How can this be done in a iterative way perhaps efficiently?
IMO, You can handle your answer by an algorithm to handle this:
If 8x8 result is:
0 1 2 3 4 5 6 7
1 0 3 2 5 4 7 6
2 3 0 1 6 7 4 5
3 2 1 0 7 6 5 4
4 5 6 7 0 1 2 3
5 4 7 6 1 0 3 2
6 7 4 5 2 3 0 1
7 6 5 4 3 2 1 0
You have actually a matrix of two 4x4 matrices in below pattern:
m0 => 0 1 2 3 m1 => 4 5 6 7 pattern => m0 m1
1 0 3 2 5 4 7 6 m1 m0
2 3 0 1 6 7 4 5
3 2 1 0 7 6 5 4
And also each 4x4 is a matrix of two 2x2 matrices with a relation to a power of 2:
m0 => 0 1 m1 => 2 3 pattern => m0 m1
1 0 3 2 m1 m0
In other explanation I should say you have a 2x2 matrix of 0 and 1 then you expand it to a 4x4 matrix by replacing each cell with a new 2x2 matrix:
0 => 0+2*0 1+2*0 1=> 0+2*1 1+2*1
1+2*0 0+2*0 1+2*1 0+2*1
result => 0 1 2 3
1 0 3 2
2 3 0 1
3 2 1 0
Now expand it again:
0,1=> as above 2=> 0+2*2 1+2*2 3=> 0+2*3 1+2*3
1+2*2 0+2*2 1+2*3 0+2*3
I can calculate value of each cell by this C# sample code:
// i: row, j: column, n: matrix dimension
var v = 0;
var m = 2;
do
{
var p = m/2;
v = v*2 + (i%(n/p) < n/m == j%(n/p) < n/m ? 0 : 1);
m *= 2;
} while (m <= n);
We know each row must contain each number. Likewise, each row contains each number.

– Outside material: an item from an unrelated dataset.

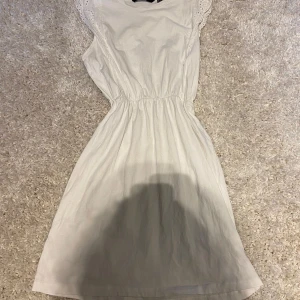 Vit klänning  - Vit, klänning, nyskick, XS, jag använder den knappt längre, Vero Moda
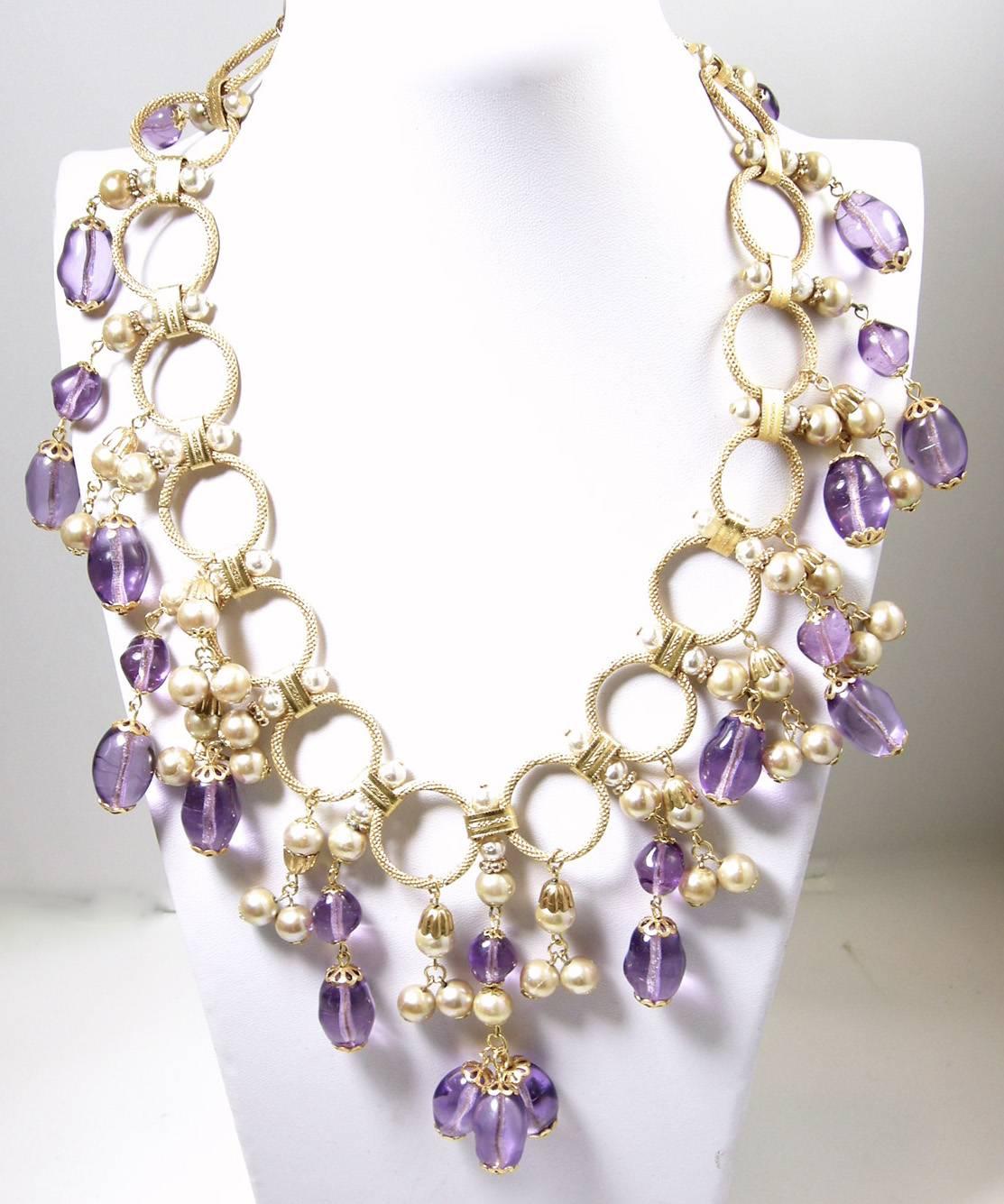 1950s Lavender Glass, Pearls And Golden Rings Necklace  In Excellent Condition In New York, NY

Let us take CS convention of indices starting from 0.
First, consider how to place the 1's in the matrix. Choose a random number k0, from 1 to n-1. Place the 1 in row 0 at position (0,k0). In row 1, if k0 = 1 in which case there is already a one placed. Otherwise, there are n-2 free positions and place the 1 at position (1,k1). Continue in this way until all the 1 are placed. In the final row there is exactly one free position.
Next, repeat with the 2 which have to fit in the remaining places.
Now the problem is that we might not be able to actually complete the square. We may find there are some constraints which make it impossible to fill in the last digits. The problem is that checking a partially filled latin square is NP-complete.(wikipedia) This basically means pretty compute intensive and there no know short-cut algorithm. So I think the best you can do is generate squares and test if they work or not.
If you only want one particular square for each n then there might be simpler ways of generating them.
The link Ted Hopp gave in his comment Latin Squares. Simple Construction does provide a method for generating a square starting with the addition of integers mod n.
I might be wrong, but if you just look for printing a symmetric table - a special case of latin squares isomorphic to the symmetric difference operation table over a powerset({0,1,..,n}) mapped to a ring {0,1,2,..,2^n-1}.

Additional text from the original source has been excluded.